★★★½/★★★★
Black Swan exemplifies the palpable synergy of director and star. Aronofsky wields the power of perspective like a deadly weapon: we step, jump, and pirouette in Nina's worn and bloody ballet shoes. His impressionistic brio - and sheer directorial force - fully aestheticizes Nina's mounting delirium with, often gruesome, hallucinatory imagery. As she descends deeper into a schizo-type realm of delusion, the viewer gets to partake (more than a little uncomfortably) in her whirlwind and maniacal dance.

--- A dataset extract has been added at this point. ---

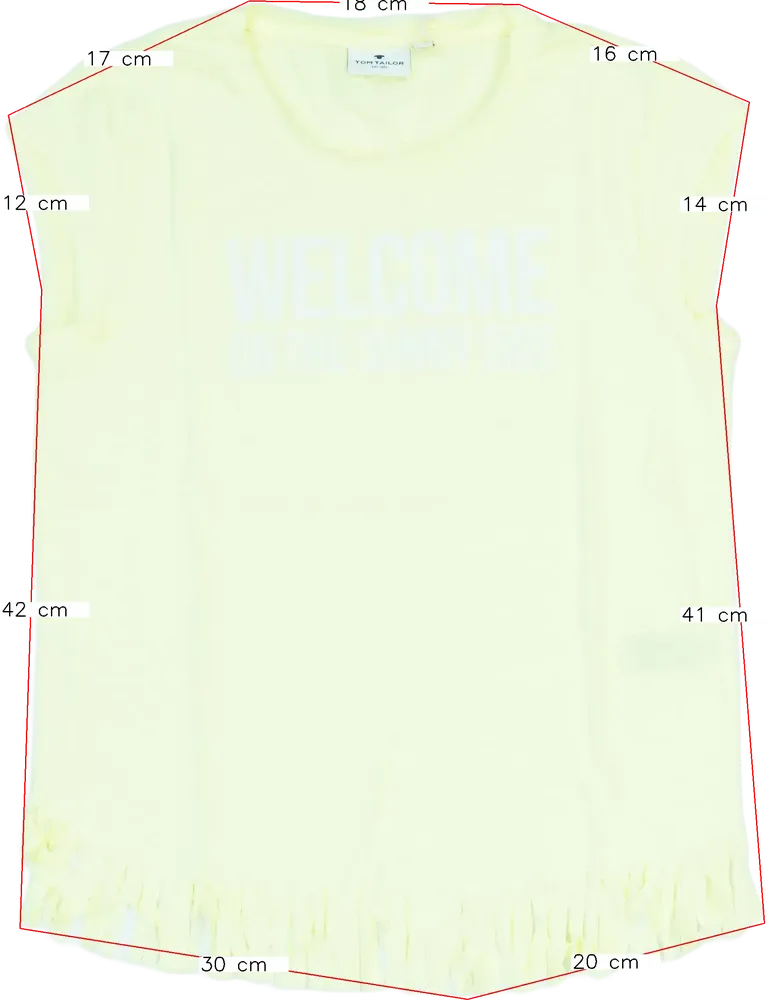 Sárga Tom Tailor Póló EU 176 / UK 16 év / US XL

With a style that favors close-ups and hand held camera work, the director emphasizes just how small Nina's world really is. The only people in her life are: a perversely controlling stage mother played by Barbara Hershey, a borderline abusive director (Vincent Cassel) - who uses sexuality as means of manipulating the perfect performance; and a seductive understudy, Lily, played by Mila Kunis. Lily, is essential to Nina's growing paranoia as she is never able to discern whether Lily is a friend or a jealous saboteur. But none are as critical of Nina as she is of herself: practicing until her toenails split, picking at her fingernails until they gush blood, neurotically scratching ribbons in her upper back. It's grotesque stuff.
Aronofsky seems to revel in Nina's misery putting his protagonist on the proverbial rack. But Natalie Portman is up fo every bit of physical or psychological torment her director can dish. She validates Aronofsky's twisted vision. Her soft voice and delicate allure realizes Nina with sympathetic human characteristics and potent human emotions: passion, repression, loneliness, and fear. Her turn to the dark side and her slipping hold on reality becomes all the more horrific because we know and care about her. In her portrayal of a girl's self-destructive pursuit of transcendence, Portman may just have achieved it herself. It's an oscar-calibre performance.

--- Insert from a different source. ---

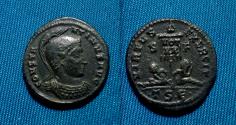 Ancient Coins - Constantine I AE Follis two captives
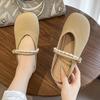 Evening breeze gentle shoes flat slippers women's 2025 summer new Mary Jane shoes with skirts soft-soled maternity shoes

It would seem that a film about ballet - the most graceful of human movement - would employ a style that reflected the art it portrayed, but other than clever use of mirrors and reflections to symbolize Nina's growing duality, Aronofsky goes the complete opposite direction: employing about as much subtlety as a freight train. But in the end it seems that was the point. This highly sexualized, and seriously disturbing, ballet horror show - that's something like Center Stage by way of Repulsion - is unforgettable and about as intense as movies get. The film's contrasting style and subject matter is meant to remind us that a person's outward beauty is sometimes suppressing a dark, wicked other half trying to get out.